Mientras permanecía allí, medio enloquecido, de pronto comprendí algo más doloroso que cualquier herida: yo nunca formaría parte de la clase angelical; nunca sería adorado y aclamado. Así que decidí que, si era capaz de escapar de mi vil y accidentada situación, haría lo posible por ser la peor cosa que el Infierno hubiese vomitado nunca. Sería todo lo que Quitoon había sido, pero multiplicado por mil. Sería un destructor, un torturador, una voz de la muerte en los palacios de la gente importante y buena. Sería un asesino de toda forma de adorable inocencia: bebés, vírgenes, amantes madres, piadosos padres, leales perros, pájaros cantores. Todos ellos caerían ante mí.

Toda la luz que habían arrojado los ángeles yo la convertiría en tinieblas. Sería algo más imaginario que palpable, una voz que no hablaría con palabras, sino con órdenes de las sombras; mis dos manos, estas manos que levanto ahora ante ti, llevarían a cabo felizmente sencillas crueldades que me impedirían olvidar quién fui antes de convertirme en la encarnación de la oscuridad: arrancar ojos, clavar las uñas en nervios, estrujar corazones entre mis palmas…

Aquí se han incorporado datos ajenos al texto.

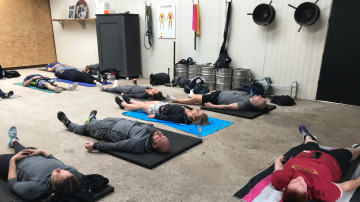 Image 11 of 15 -
            Experience the Wim Hof Method to get an impression of  at 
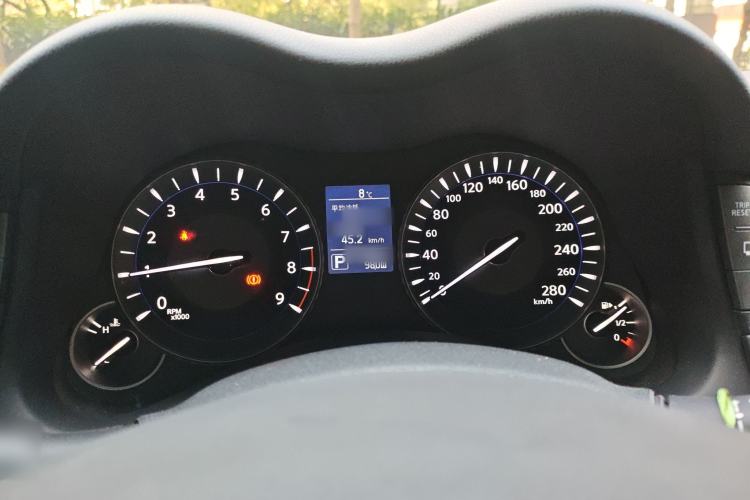 Used Infiniti Q70 2017 Q70L 2.5L Enjoyment Edition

Vi todo esto no como lo acabo de escribir, una cosa tras otra, sino todo a un tiempo, de modo que era el mismo Jakabok Botch que había entrado en la carnicería unos minutos antes, y al momento siguiente, alguien totalmente distinto. Yo era el asesinato y la traición; el engaño, el fanatismo y la ignorancia intencionada; yo era la culpa, la codicia, la venganza; era la desesperación, la corrupción y el odio. Con el tiempo acabaría incitando a las lapidaciones a la luz de la luna y a los linchamientos a medianoche. Enseñaría a los niños a encontrar las piedras más afiladas y a los jóvenes a hacer nudos en las sogas que provocasen una muerte lenta. Me sentaría con las viudas junto a sus hogares y, contemplando cómo las llamas lamían la garganta de la chimenea, les rogaría que me dijesen qué formas había tomado El Viejo en tiempos inmemoriales, para saber qué cara tendría que poner para causar terror en las entrañas de mis futuras víctimas.